*** Record excerpts Section Begins ***

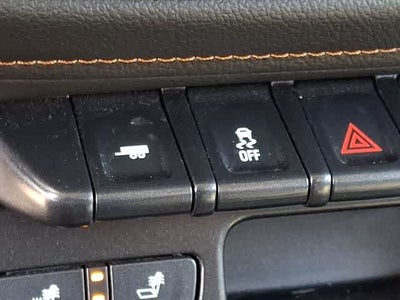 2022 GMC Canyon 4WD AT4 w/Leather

*** Record excerpts Section Ends ***
*** Record excerpts Section Begins ***

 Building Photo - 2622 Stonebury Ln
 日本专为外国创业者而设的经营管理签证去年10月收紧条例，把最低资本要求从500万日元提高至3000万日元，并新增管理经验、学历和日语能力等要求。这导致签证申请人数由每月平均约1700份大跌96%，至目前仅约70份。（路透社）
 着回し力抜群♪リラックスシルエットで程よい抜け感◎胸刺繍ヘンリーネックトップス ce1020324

*** Record excerpts Section Ends ***

Instructions for the task:
All lines above from the one with "日本专为外国创业者而设的经营" to the one with "着回し力抜群♪リラックスシル", inclusive, should be copied exactly, and no other lines.

Answer below:
 日本专为外国创业者而设的经营管理签证去年10月收紧条例，把最低资本要求从500万日元提高至3000万日元，并新增管理经验、学历和日语能力等要求。这导致签证申请人数由每月平均约1700份大跌96%，至目前仅约70份。（路透社）
 着回し力抜群♪リラックスシルエットで程よい抜け感◎胸刺繍ヘンリーネックトップス ce1020324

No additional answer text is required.